我以上的親身體會,在賴其萬醫師的講座裏也找到了奇妙的共鳴。賴醫師每年為患有癲癇(epilepsy)的小朋友們辦夏令營,某特殊的一年小朋友們可以帶一位親人或朋友參加夏令營,結果有一位沒患病的小孩在夏令營結束的時候在賴醫師的耳邊說:「真希望我也患癲癇!」這些小孩生活困苦,平時感受不到人間的溫暖,但在夏令營中有人跟他交朋友,有人陪他玩遊戲,好不快樂.因此他真的不介意患癲癇。縱然他和癲癇患者日夜相處,很瞭解癲癇的痛苦,但是如果得癲癇換來的是每年都有參加夏令營的資格,那麼那一點點肉體上的痛楚真的不算什麼;換句話說,癲癇所帶來的可怕痛苦若能換來一年一次的人間暖意,那一切都是值得的,癲癇的病痛根本不算什麼,大多數病人要的,往往就只是感受那麼一絲的人間溫暖。

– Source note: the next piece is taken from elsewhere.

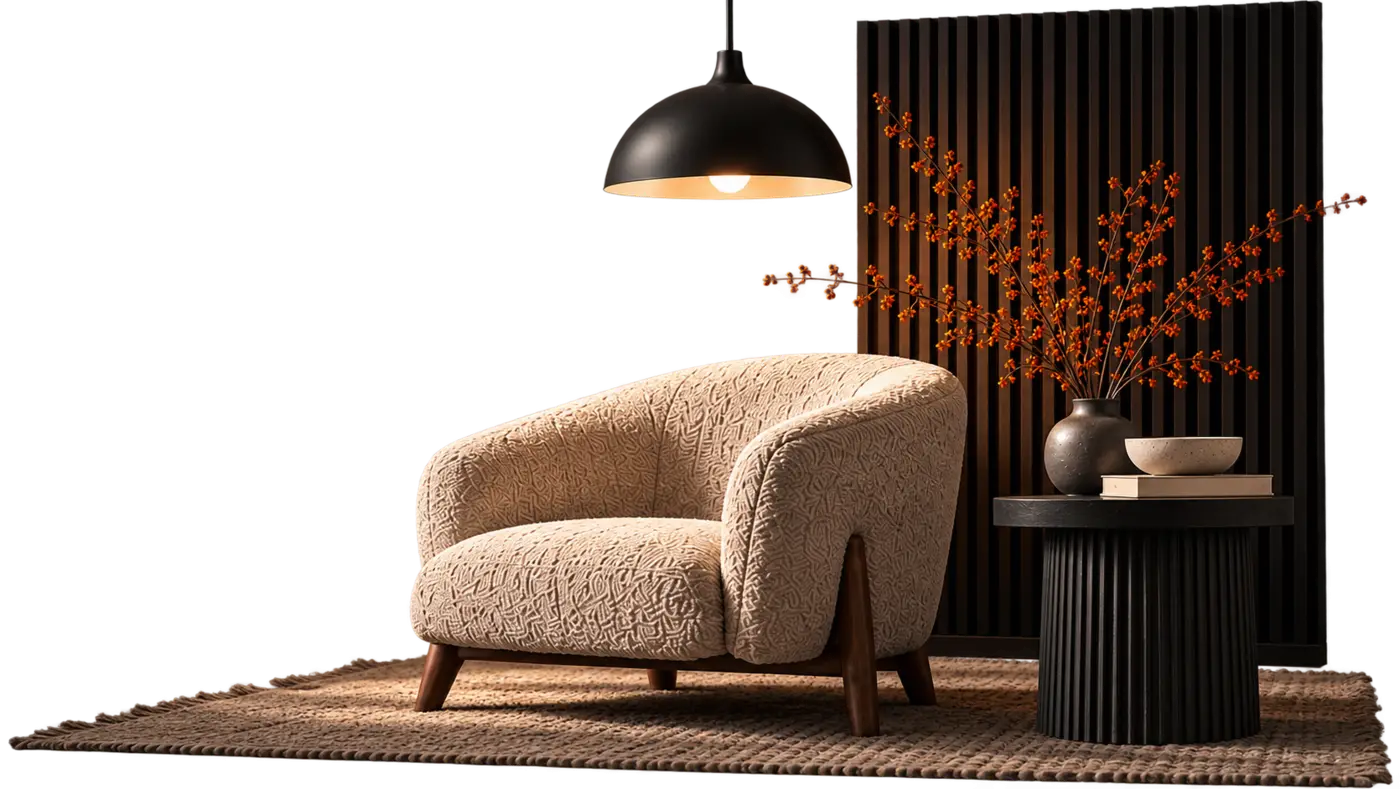 Lænestol, pendellampe og sidebord med en vase med efterårsgrene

治病是治標,治病人是治本.(to cure some, to relieve often, to comfort always)心靈的安撫,才是真才實學的行醫途徑,能對病人受苦產生敏感性,就可以得到病人的信任,行醫的路程,早已經成功了一大半,對症下藥,只不過是完成醫療手續最重要的最後一環、臨門一腳,達到畫龍點睛的效果。然而,經由我個人的觀察,臺灣的醫療體系,已經在全民健保下慘遭變質。

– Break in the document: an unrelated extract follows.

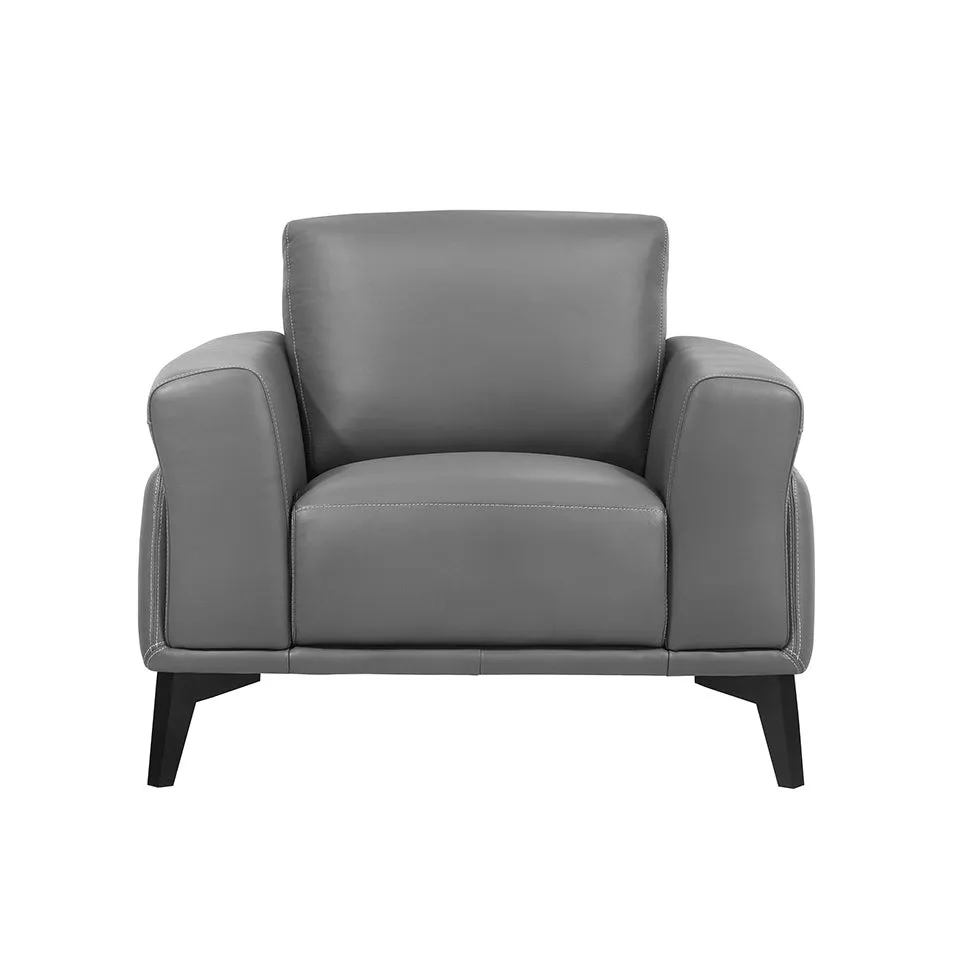 COMO Contemporary Grey Leather Sofa Chair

我在醫師作家,侯文詠的小說中看到一則 “笑話",很令人不可置信的是一個臺灣醫界中的現象:有一對老夫老婦天天來醫院看病.從耳鼻喉科看到眼科看到皮膚科看到骨科看到小兒科...看到醫院每位工作人員都認識他們了。有一天老公公沒來,侯醫師於是好奇地上前問阿嬤:「[台語]今天妳盎那ㄟ沒來?」老婆婆無奈的答道:「[台語]伊生病所以在家休息。」
病人在臺灣的健保制度下漸漸被寵壞了,看病不再是尋求援助,而是不負責任的「逛診所」(doctor-shopping)。不負責任的醫師應該遭到社會的嚴厲的譴責。不過,如果四周都是不負責任的病人,那可要另當別論了。不負責任的病人要的只是濫用醫療體系,全然沒有把自己當病人,也沒有把醫師當成朋友。他們仗著醫療服務病人的主旨,濫用一堆他們不應得的權利。有些醫師睜一隻眼閉一隻眼,敷衍這些人的要求,反正可以向健保局申請經費,何嘗不樂,如此作法自然非常差勁;有些醫師無法違背良心,勸導這些不負責任的病人,反而遭到病人的抗議。臺灣的醫師在當醫師的同時,如果忽略了教大眾如何當病人,那麼這醫療社會還是不平衡的,醫療體系也得不到眾所冀望的進步。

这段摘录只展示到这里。